SÍMBOLOS DE LA NUEVA ÉPOCA. Para cuando los redobles de la banda comenzaron a marcar el ritmo del desfile militar, el Pepe ya había acumulado otras emociones y sembrado otros simbolismos. La toma de juramentos a los senadores de la nueva legislatura estuvo punteada por los comentarios y los adjetivos que el senador sin corbata obsequió a cada uno de sus colegas, y hasta algún críptico chiste de entre casa. El toque informal adherido a la fórmula tediosa aumentó la expectativa que la prensa había generado para el momento en que Mujica le pidiera el juramento a Julio María Sanguinetti. Fue el único caso en que el tupamaro se adscribió estrictamente a la fórmula, sin agregar comentario alguno, pero en cambio subrayó la actitud política explícita que desplegó durante toda la jornada con un gesto elocuente de aplaudir con vehemencia a quien, con propiedad, puede describirse como su más encarnizado detractor.

Si Mujica había apelado a su conocido estilo, muchas veces elíptico y alegórico, para señalar una postura política, Nora Castro, en cambio, asumió, en su discurso con el que agradeció los votos que la consagraron como presidenta de la Cámara de Representantes, el sendero de las afirmaciones sin ambigüedades, para señalar el carácter democrático de la gestión que comienza, el signo popular inspirado en el pensamiento artiguista, y la reafirmación de una amplitud que no disminuirá con el carácter absoluto de la mayoría parlamentaria. Buena parte de su discurso estuvo signado por la intención de reiterar que es posible un trabajo común sin renunciar a la pluralidad, sin hipotecar las diferencias.

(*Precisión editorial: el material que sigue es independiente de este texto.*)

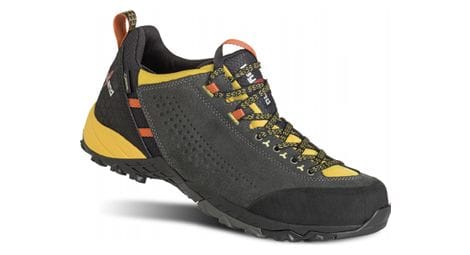 kayland alpha gtx wanderschuhe grau gelb von Kayland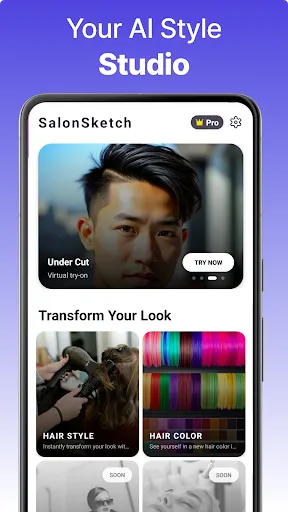 Скриншот 7 — Fravix - AI Photo Generator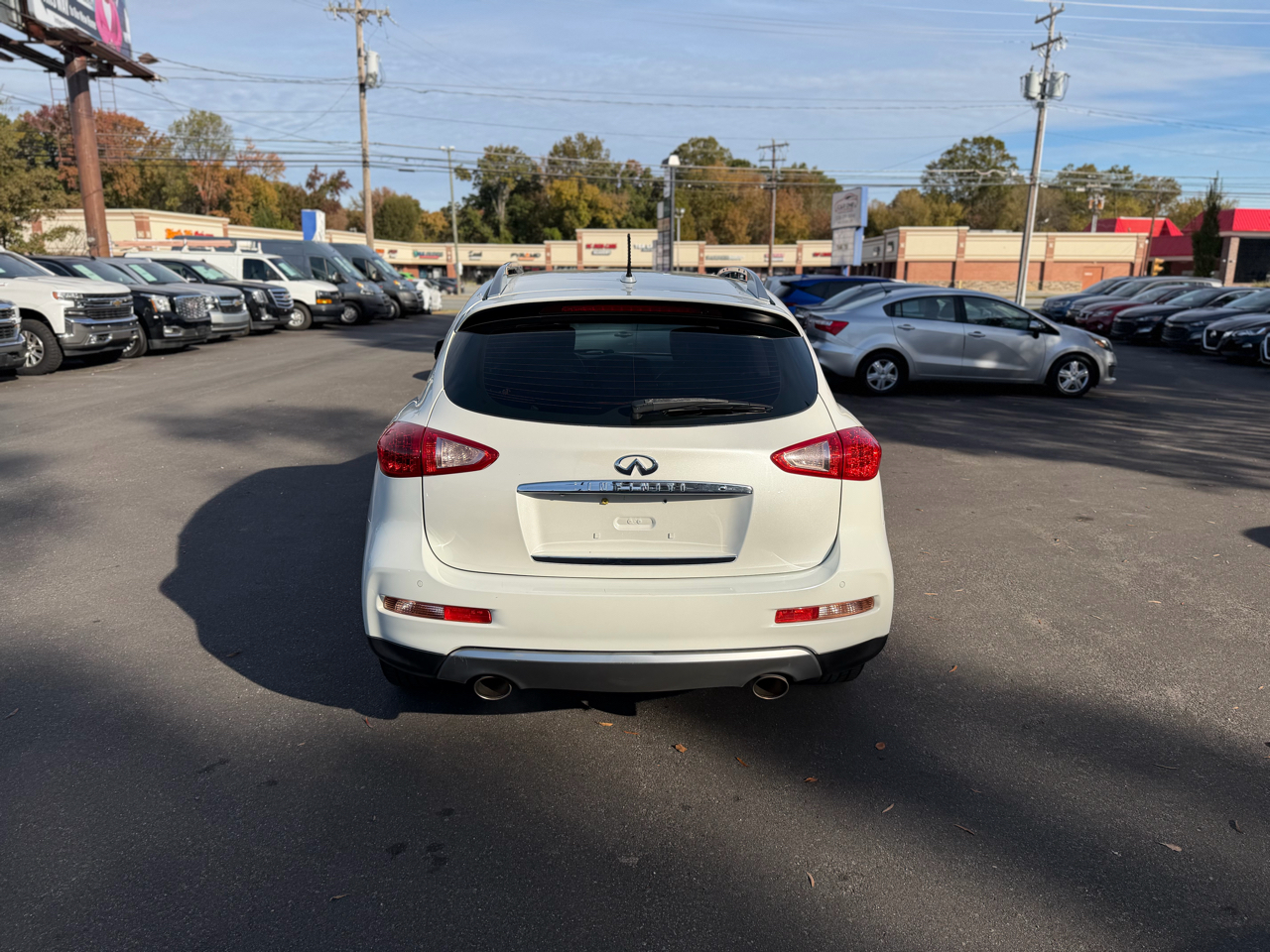 Infiniti QX50  2017 Infiniti QX50  2017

Ésa fue la orientación de la conducta de los dos principales protagonistas de la jornada, una jornada en la que el resto de los senadores y diputados del EP-FA asumieron un segundo plano y acompañaron con generosidad y humor el hecho indiscutible del día: todo el espectro de la civilidad política y la verticalidad militar se inclinaba ante dos tupamaros, algo que el propio Mujica calificó como «novelesco» e «impensable». Era el signo del momento, que representaba, quizás, el punto final de una transición estirada durante 20 años.

Mujica se encargó de subrayarlo y, por las dudas, lo reiteró en diversas oportunidades. «El talonario de cuentas lo perdí hace mucho tiempo», declaró, y nadie dudó sobre el valor de esa afirmación, en boca del principal dirigente del grupo político mayoritario de la coalición de izquierda. Qué significa exactamente eso lo dirá el futuro. Ciertamente, esa declaración contribuye a consolidar la confianza del presente, que para la mayoría de la gente se traduce en esperanza y regocijo, dos productos escasos en el mercado del quehacer nacional.